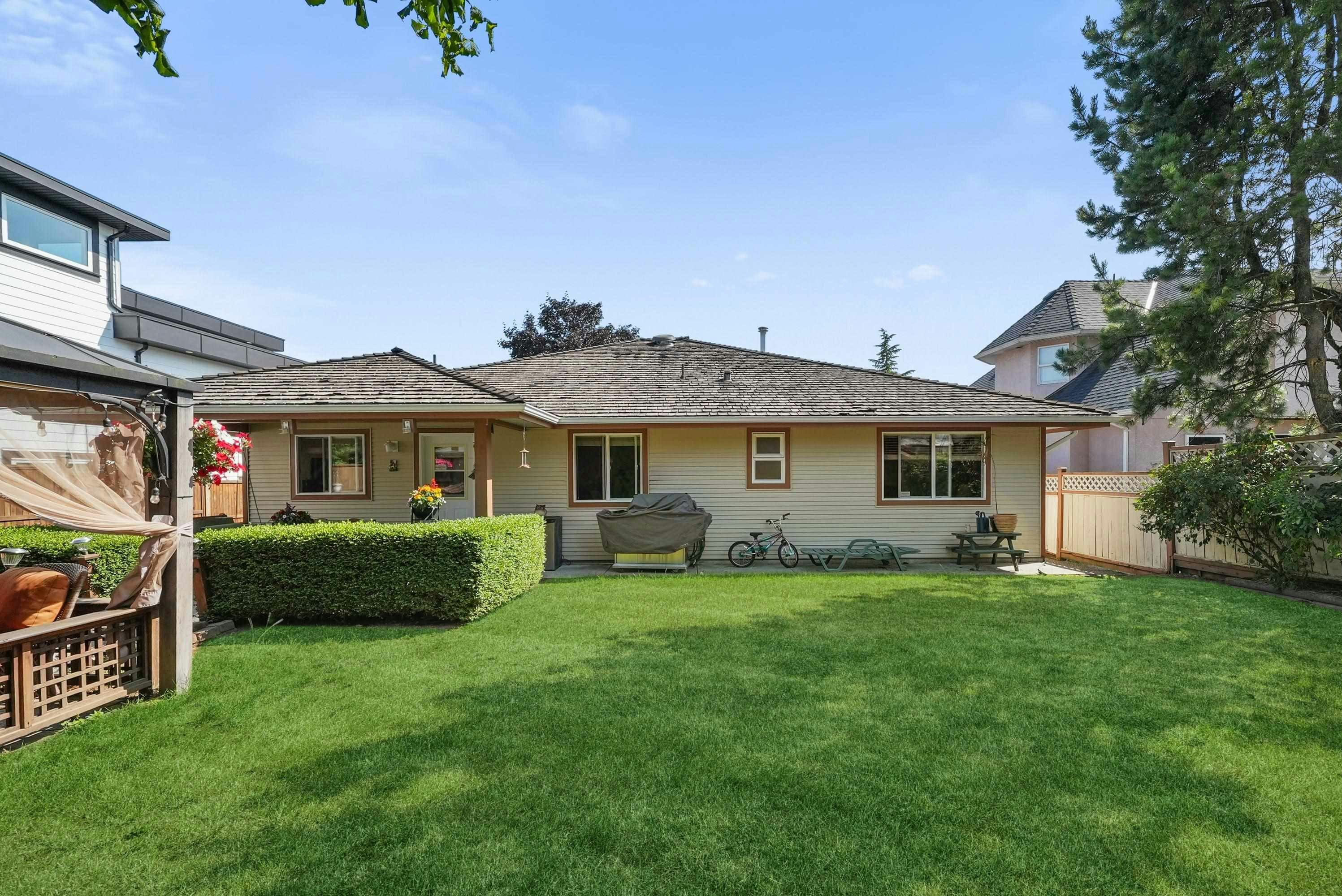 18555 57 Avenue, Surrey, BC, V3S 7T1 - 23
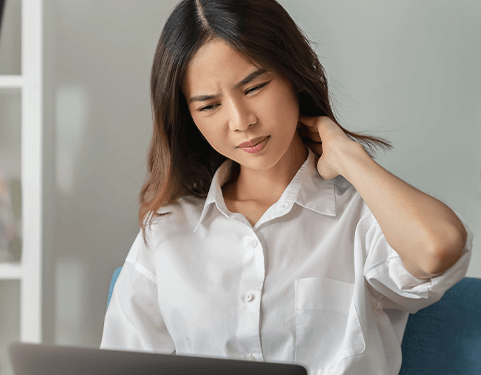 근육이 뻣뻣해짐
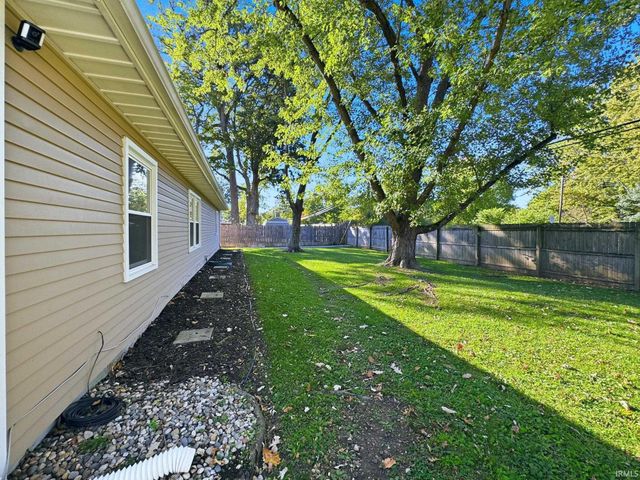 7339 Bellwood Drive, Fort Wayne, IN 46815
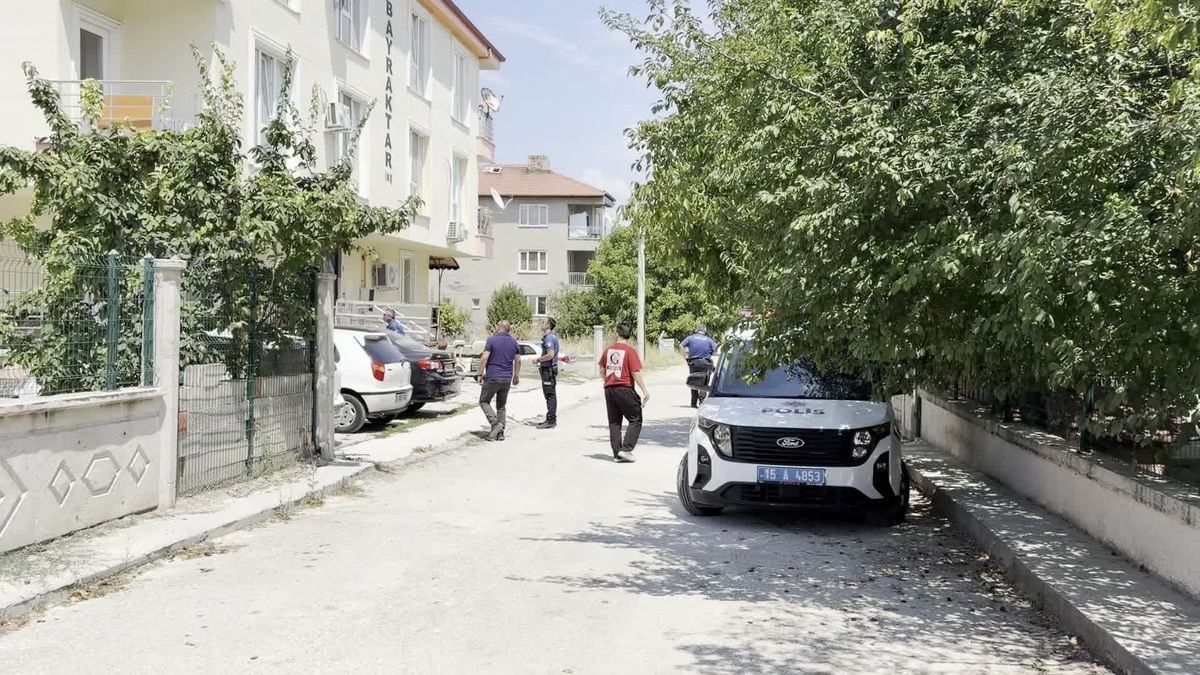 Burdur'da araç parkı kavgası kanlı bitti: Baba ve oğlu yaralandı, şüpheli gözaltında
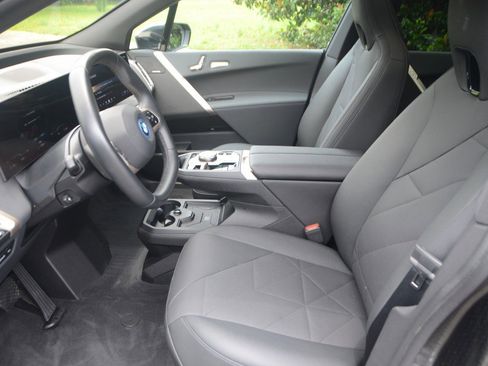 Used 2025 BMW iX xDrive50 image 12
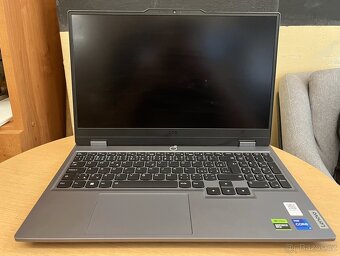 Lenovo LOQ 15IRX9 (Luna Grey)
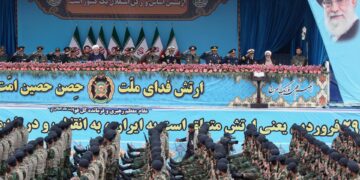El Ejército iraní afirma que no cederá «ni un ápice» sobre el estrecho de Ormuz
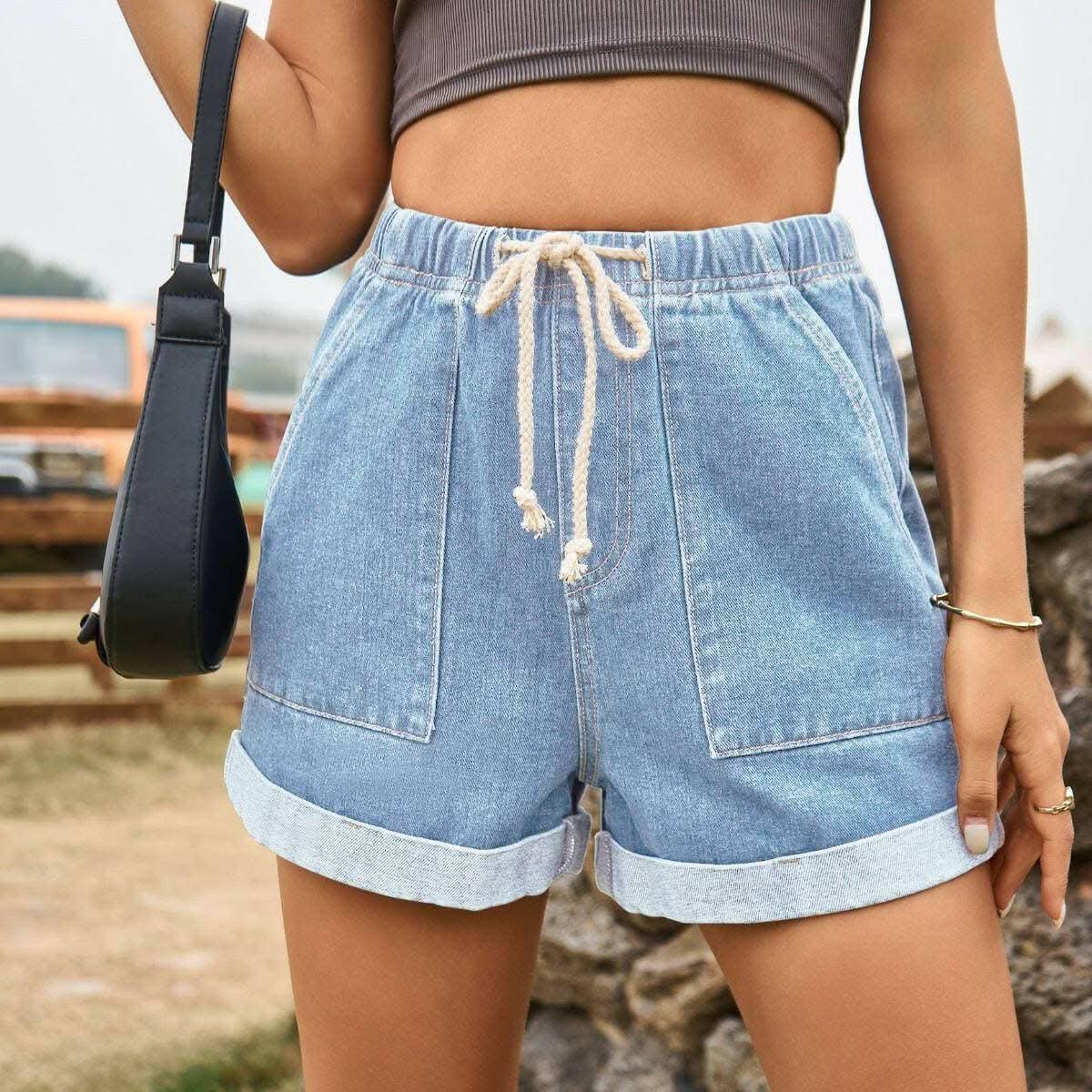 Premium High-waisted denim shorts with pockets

----------

TASK TO CARRY OUT: All entries are to be retyped exactly. Omit any embedded images.

PROBLEM SOLUTION:
 18555 57 Avenue, Surrey, BC, V3S 7T1 - 23
 근육이 뻣뻣해짐
 7339 Bellwood Drive, Fort Wayne, IN 46815
 Burdur'da araç parkı kavgası kanlı bitti: Baba ve oğlu yaralandı, şüpheli gözaltında
 Used 2025 BMW iX xDrive50 image 12
 Lenovo LOQ 15IRX9 (Luna Grey)
El Ejército iraní afirma que no cederá «ni un ápice» sobre el estrecho de Ormuz
 Premium High-waisted denim shorts with pockets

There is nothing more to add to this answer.